Untangling the many aspects of EDA

With the popularity of Microservices, Kafka, and Event Sourcing, the term “Event” has become pretty overloaded and has caused much confusion about what EDA (Event-Driven Architecture) is. This confusion has led to conflating different concepts leading to unneeded technical complexity. I will shed some light on different aspects of EDA, such as Event Sourcing, Event-Carried State Transfer, and Events for Workflow.

YouTube

Check out my YouTube channel, where I post all kinds of content accompanying my posts, including this video showing everything in this post.

“Event”

If you ask people how they apply event-driven architecture, you’ll likely get many different answers. It would be best if you had specifics about how they use events, as there are many different purposes and utilities for them.

Events and EDA could be referred to when using events for state persistence, data distribution, and notifications. If you break these down further, those relate to Event Sourcing, Event Carried State Transfer, Domain Events, Integration Events, and Workflow events.

Let’s dig into all this to answer the question: “What do you mean by event?”

Event Sourcing

Event sourcing is about using events as a way of persisting state. Full stop. It has nothing to do with communication between service boundaries. It’s about state.

Check out my post Event Sourcing Example & Explained in plain English for more of a primer, or if you think you understand Event Sourcing.

Greg Young posted a snippet of a book he’s working on, in which he wanted a simple and clear definition to explain Event Sourcing.

Event Sourcing

Event Sourcing is often confused with Event Streaming, or you must be using event sourcing to use events as means to communicate with other service boundaries. Which often means using the events used in event sourcing as a form of data distribution (more on that below).

Don't integrate at the DB

How you persist state is an internal implementation detail of your service boundary. You provide public APIs or contracts to expose any state within your service boundary. Other services should not reach out directly to your service boundaries database to query or write data. We don’t do this. We expose APIs as contracts for this and version them according. State persistence is an internal implementation detail. So if you use event sourcing to persist state, the same rules still apply.
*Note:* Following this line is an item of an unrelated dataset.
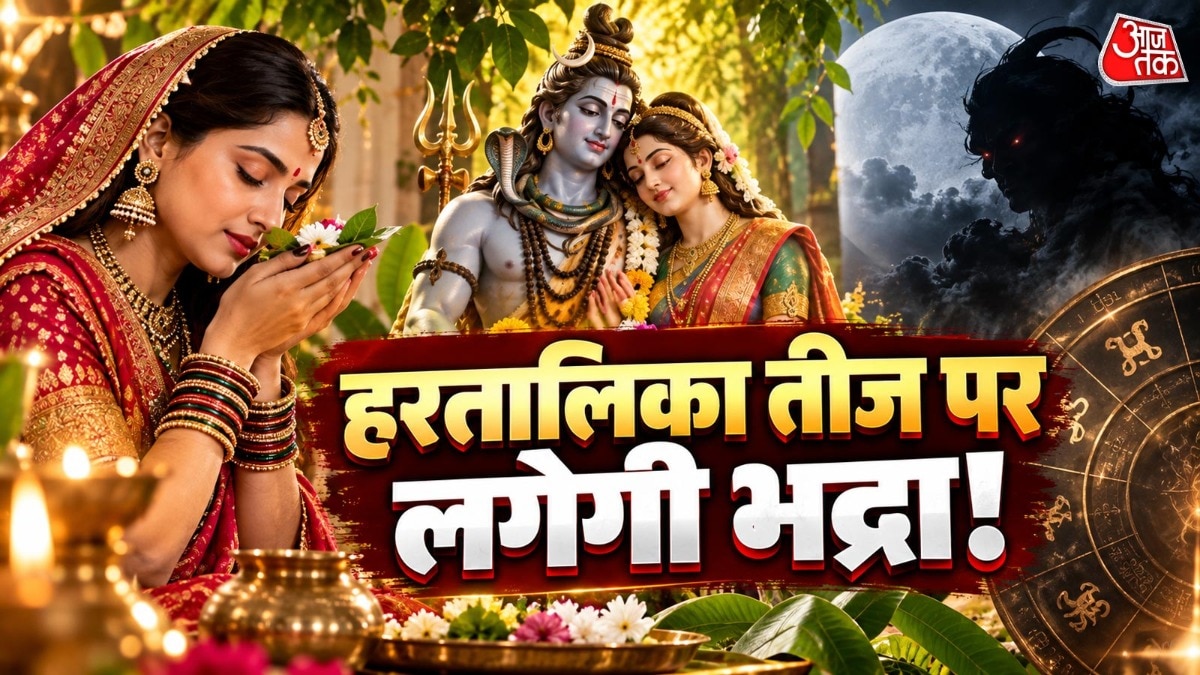 Hartalika Teej Observance: Timing, Rituals, and Fasting Details for 2024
You cannot have other service boundaries querying your event store directly.

Data Distribution

Events are often used as a way to distribute data to other services. This is called Event-Carried State Transfer, as the event payload contains entity-related data. While this can have utility, I’m often very concerned about distributing data.
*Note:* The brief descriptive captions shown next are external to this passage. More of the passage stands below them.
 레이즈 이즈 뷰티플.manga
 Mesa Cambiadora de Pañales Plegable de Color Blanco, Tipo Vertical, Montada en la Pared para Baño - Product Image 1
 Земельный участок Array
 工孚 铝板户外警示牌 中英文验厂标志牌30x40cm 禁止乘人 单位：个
Why do you need data from another service boundary? Most often, the answer is because of query or UI Composition purposes. If that’s the case, check out my post The Challenge of Microservices: UI Composition

If you need data from another service boundary to perform a command/operation, then realize you’re working with stale data if you have a local cache, and you will not have any consistency.
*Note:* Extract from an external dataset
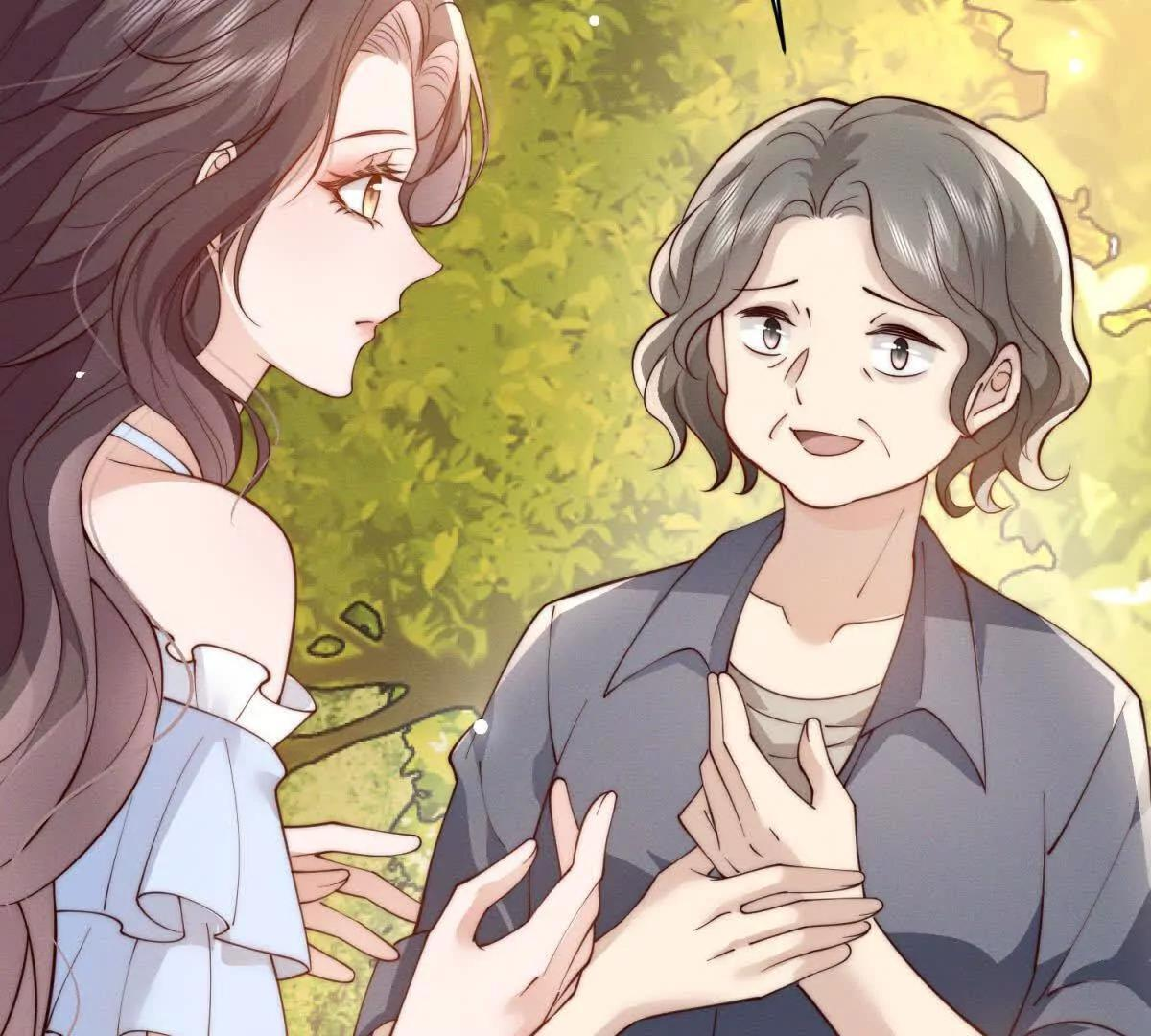 第49话 只是朋友？ 第7页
Why would we want a local cache to begin with? The route most people take to land here is they first start with publishing events to notify other service boundaries that some entity state has changed. Other service boundaries (consumers) then process these events by then making a synchronous RPC call from the publisher to get all the current data related to the entity that changed.

Because this callback to the publisher can have a lot of implications, such as latency, increased traffic, and availability, the next logical step is then to include the data in the event itself, so no callback to the publisher is required. This is why this is termed Event-Carried State Transfer.

You may have noticed that I used “Entity” a few times. This is because these types of events are often more entity-centric. As an example, they might be ProductChanged or ProductPriceChanged.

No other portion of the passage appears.